Zo begint dit mooie boek, sober en poëtisch geschreven. De personages verstillen, net als het landschap van sneeuw rondom hen, maar in hen stromen de emoties, net zoals water stroomt en kolkt onder het ijs.

En dat zijn heel wat emoties: van liefde en verbondenheid tot duistere familiegeheimen, maar vooral liefde en genegenheid, de liefde van een jong meisje dat van niets weet voor een indiaan, de liefde van een oudere vrouw voor een kleine jongen en de liefde van twee vrouwen voor elkaar.

Het is een prachtig debuut van de Amerikaanse schrijfster Elizabeth Innes-Brown (1954) dit tot dan alleen korte verhalen schreef.
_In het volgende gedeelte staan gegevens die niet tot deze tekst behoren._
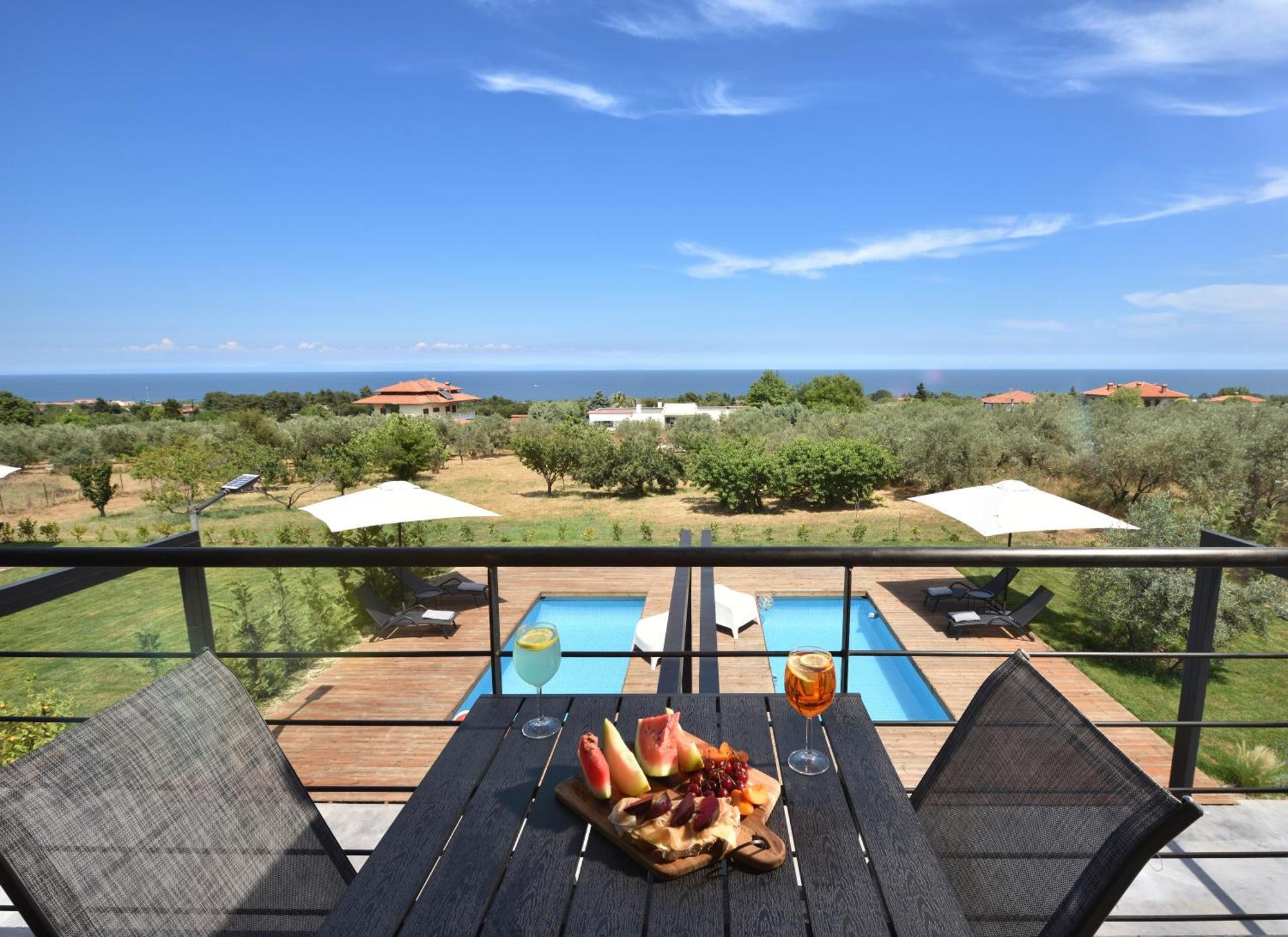 Olive All-Seasons Suites, Panel Hospitality Homes & Villas Litochoro Extérieur photo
Een liefdesroman maar geen doorsnee.

De zeven hoofdstukken zijn geschreven in de ik-vorm van verschillende personages. Dat maakt dat het niet altijd onmiddellijk duidelijk is over wie het gaat maar dat wordt duidelijk door verder te lezen en deze opbouw maakt het boek boeiend. Een boek om met aandacht te lezen.

Op een winterse ochtend bij een temperatuur ver onder nul gaat James Jack naar buiten op het oude pad naar de steengroeve. In de sneeuw vindt hij Tante in haar nachtpon - dood. Wat had haar ertoe gebracht om midden in de nacht naar buiten te gaan in de ijzige vrieskou?

Op het bureau van de sheriff gaat hij de dood van Tante aangeven. Hij bedenkt zich en hij zou handelen zoals zij het gewild zou hebben, zoals zij hem had gezegd te handelen. Eén laatste daad van gehoorzaamheid.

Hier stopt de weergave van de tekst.